FOSOTT (Free and Open Source Old Testament Textbook)
Yesterday Brooke Lester asked his Facebook friends, “I know the answer before I ask, but: Do we have no good, critical, open-access Intro to Old Testament textbooks?”
At the risk of re-repeating myself, This is something that a granting agency (especially one such as FTE or Wabash, for instance), ought to be all over like a cheap suit. Instead, many such agencies prefer to fund events that leave all the game pieces in the same places, but with hors d’oeuvres and name tags. One could do this with no support whatsoever, perhaps as an insurgent step toward breaking into the world of full-time employment, and I know a web site that would be happy to encourage, host, boast about, and generally celebrate the endeavour.
This is how I’d see this happening.
First of all, one would want to square away an array of organisational details such as word count/chapter, shared glossary and terminology, common points of reference (1000 BCE, 722 BCE, 587 BCE, 537 BCE, or whatever other dates or axioms that the first recension of the project would involve), format style, and so on.

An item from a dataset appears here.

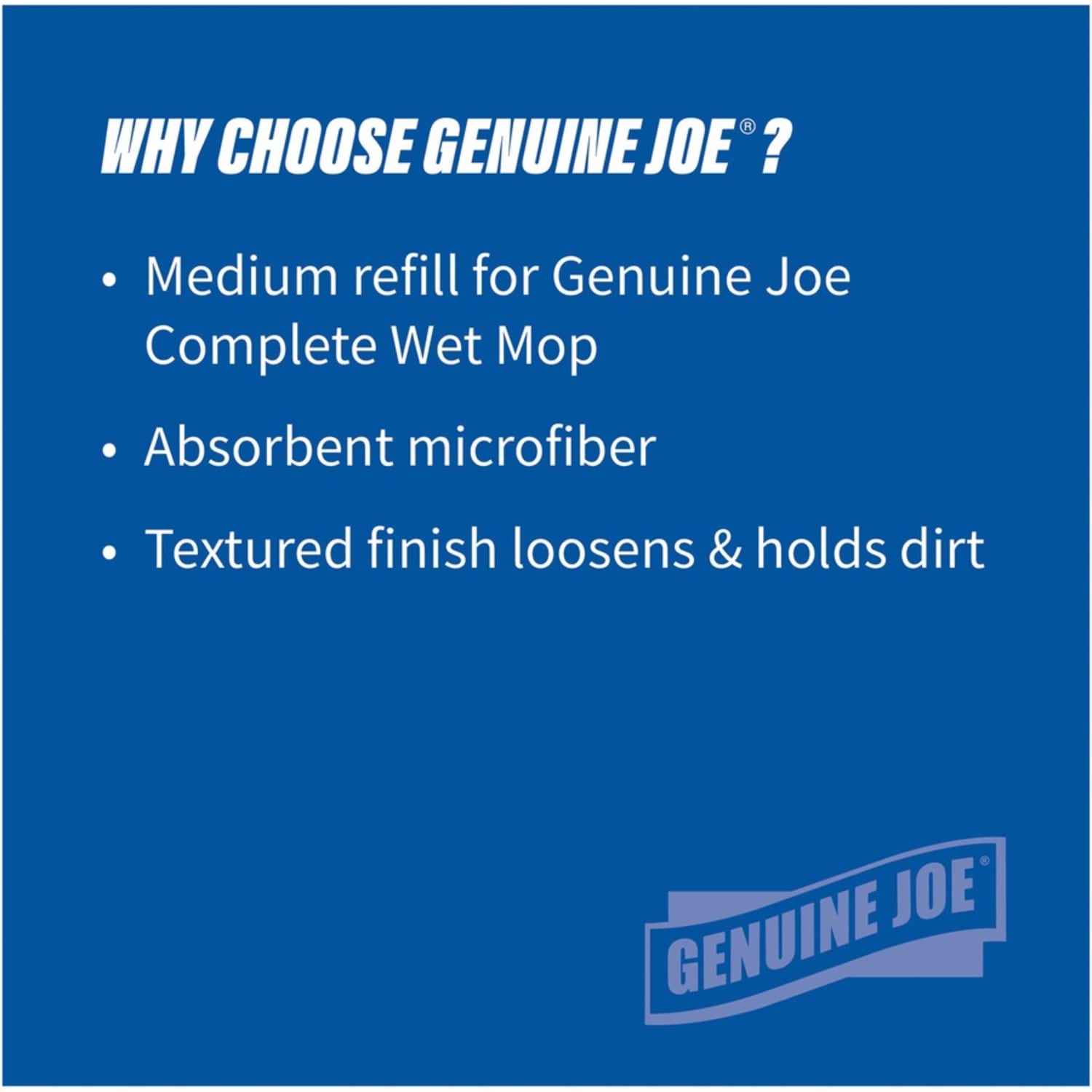 Genuine Joe Microfiber Wet Tube Mop Head Refill, Medium - Image 6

Then find authors to cover the whole Old Testament and related introductory, complementary, or whatever-all else chapters you want. Make it clear that the chapters will be published under a CC license (I’d suggest “Attribution/Non-Commerical”) that permits authors to reuse their own work, but that the OT project retains the right to distribute the chapter. If you’re serious about this, I offer to write a chapter on interpretation. method, and history.
Gather all the chapters (“Ha, ha, ha!” laughs the experienced editor-and-deadline-evader). Hammer them into clean, standards-compliant mark-up, and give each chapter a web page. Produce well-designed PDFs of each chapter, and make those available for download. Hey, in a perfect world, you could persuade the authors to record their chapters so you could distribute digital audio (and video — or perhaps, a video abstract of each chapter). So at this point, you have a textbook that’s free to consult as web pages, free to download as PDFs, and (again, ideally) free to listen to/watch in digital media.

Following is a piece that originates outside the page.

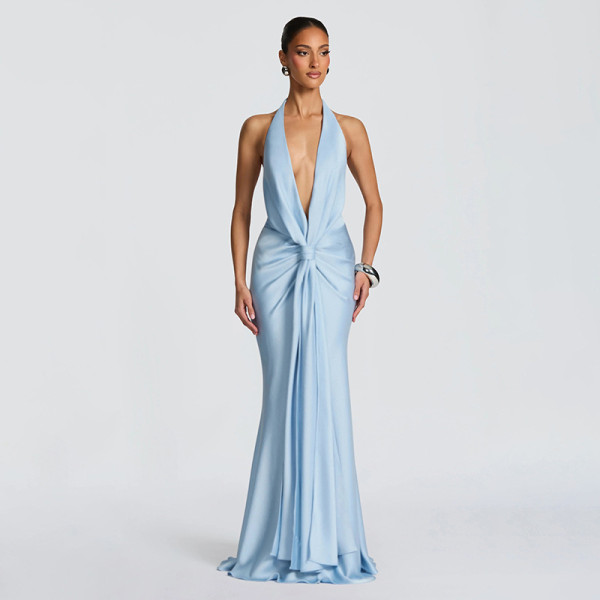 Solid Color Deep V Neck Backless Maxi Dress GYME-K25D86748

Arrange a contract with a PoD publisher to produce paperbacks of the textbook, which you can sell (with agreement from the author/license-holders, of course) with small shares to each author (presumably when sales reach a certain threshold). The authors can update or emend their chapters pretty much as they see fit (make sure there’s a version-number in a colophon in each page/PDF).
Now’s where it gets extra cool. Let everyone know that you will host alternate versions of chapters or supplements as long as they meet the common standards, and format, of the main version. If I like the textbook but think that Lester has botched the chapter on I Kings, I can write an alternate chapter, get it hosted at the FOSOTT site, and other teachers can elect to use my chapter if they prefer. Dissatisfied with the dominance of white male authors (or the relative absence of white male authors)? Add an alternate chapter. Detect misguided theological axe-grinding? Contribute an alternate chapter, or add a supplement. Sense the absence of useful study questions, maps, pictures you took during your summer digging at En-Wherever? Add photos, maps, pencil sketches, diagrams.

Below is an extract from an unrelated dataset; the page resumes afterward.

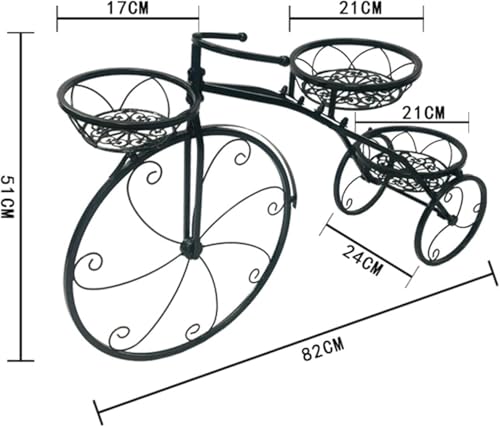 Macetero para bicicleta con 3 ruedas y estructura de hierro forjado 7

Bing, bang, bong, you have an open-source, free as in beer, free-to-reconfigure, free-to-supplement or even -alter (provided you give credit and don’t offer the altered version commercially without the author’s agreement) textbook. And that textbook is now useable anywhere English is read, for free. And that textbook is putting your name(s) in front of students and teachers all over the world, especially in places where they can’t necessarily afford the doorstop hardbacks that the textbook publishers love to charge so much for. And that textbook can easily be kept up-to-date. And if some agency were to fund it (and such funding needn’t even come to very much, in the world of granting — small to moderate honoraria for authors, editorial/production support, and so on), they could slap their name (or a prominent donor’s name) right there on the cover and on every title page: The Soros OT Textbook, or the Omidyar Introduction to the New Testament, or the Rowling History of the Christian Church, or the Buffett Handbook to World Religions or the Jobs Whatever He Wants As Long As It Includes Giving The Editor And Me iPads Book.
Plus, I would bet (if I were permitted to wager) it would change theological and academic publishing pretty dramatically, and it might even help get people a few jobs.